Nie powiodła się wczoraj próba odwołania Konrada Rękasa, przewodniczącego Sejmiku Województwa Lubelskiego. Dyskusja na temat ostatnich decyzji kadrowych urzędu marszałkowskiego
i wpadek przewodnicząceo zakończyła się niczym.

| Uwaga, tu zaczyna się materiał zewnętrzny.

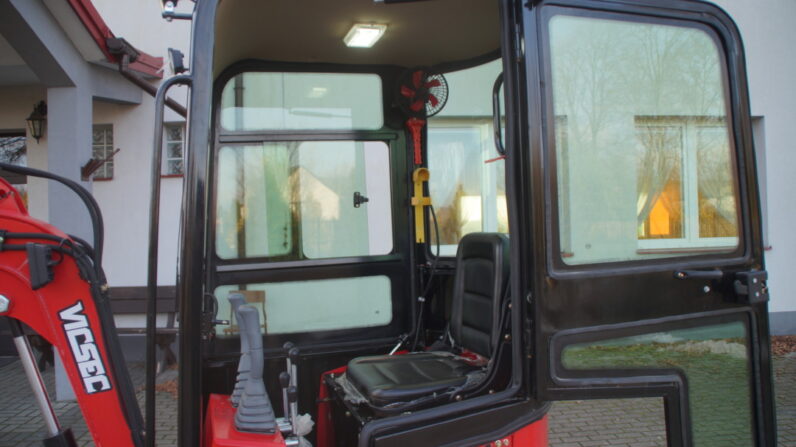 Mini koparka VICSEC VC13C-R 1300 – fabrycznie nowa, silnik 13,5 KM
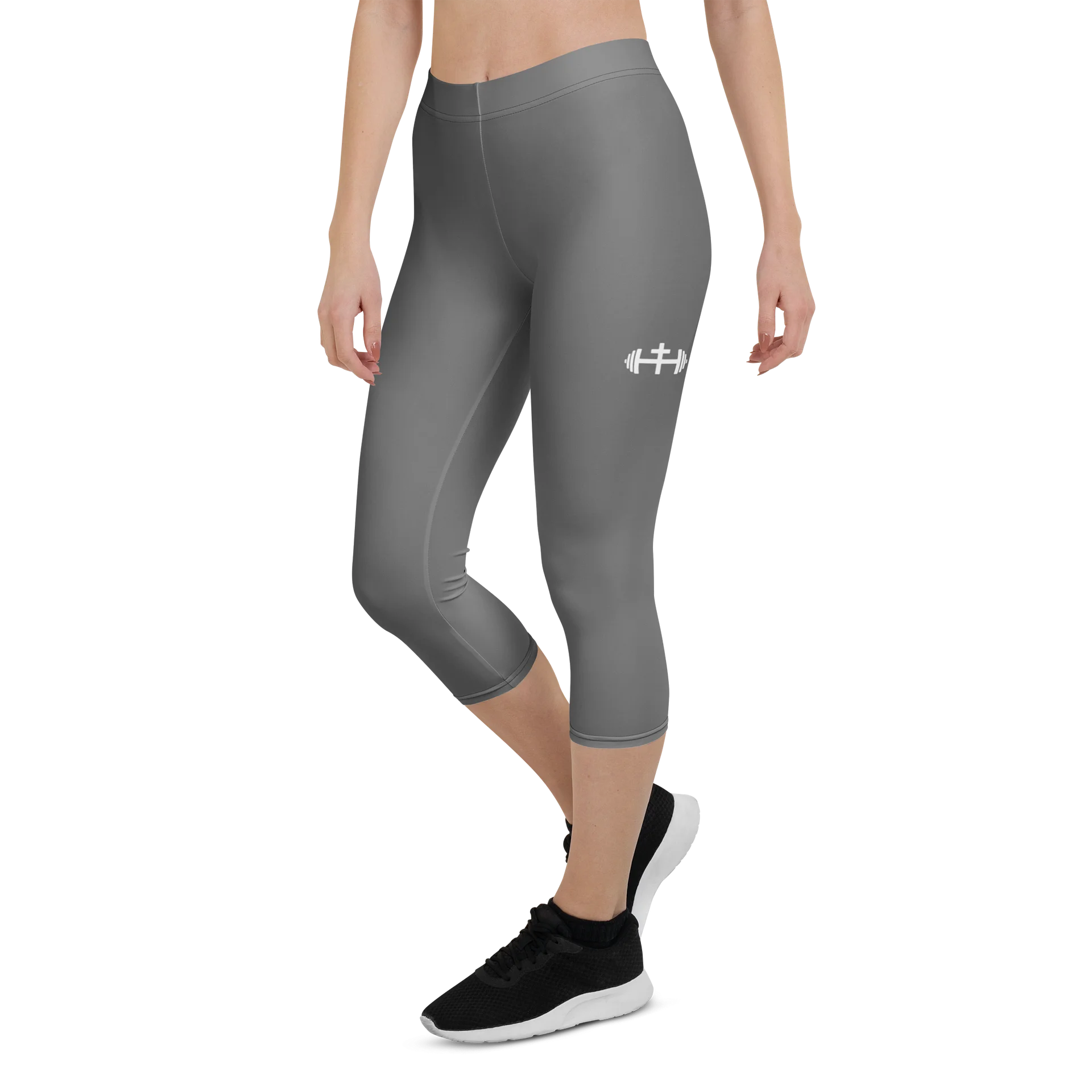 His House Womens Performance Crop Leggings - Grey product image (6)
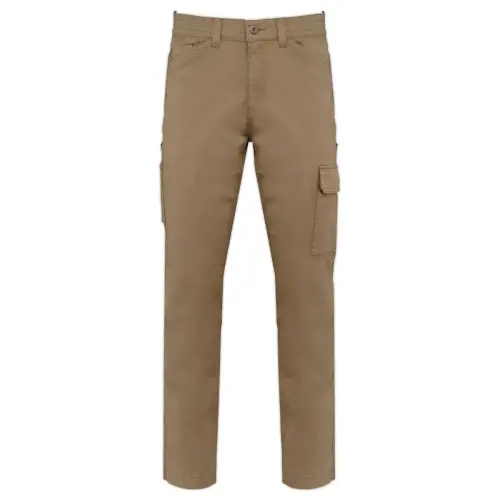 Pantalon stretch coton unisexe camel taille 44 photo du produit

Tuż przed głosowaniem wniosku LPR i PSL, przewodniczący Rękas wygłosił oświadczenie: – Atmosfera wokół sejmiku stała się dla wielu nie do zniesienia. Przepraszam za błędy młodości i za niedojrzałość. Ale nie przepraszam za decyzje merytoryczne, za to,
że jestem ostrym politykiem. Z pokorą przyjmuję na siebie rolę czarnego charakteru w sejmiku – powiedział Rękas, ani słowem nie odnosząc się do sprawy zatrudnienia w Urzędzie Marszałkowskim Pawła Sz.
Podczas głosowania wniosku okazało się, że opozycja ma za mało głosów, by wprowadzić go pod obrady. Podobnie przepadł wniosek radnego Zaleskiego o powołanie speckomisji.
– Sytuacja jest czytelna – skomentował Edward Wojtas, szef klubu PSL. – W imię utrzymywania stołków koalicja toleruje taką kompromitującą sytuację.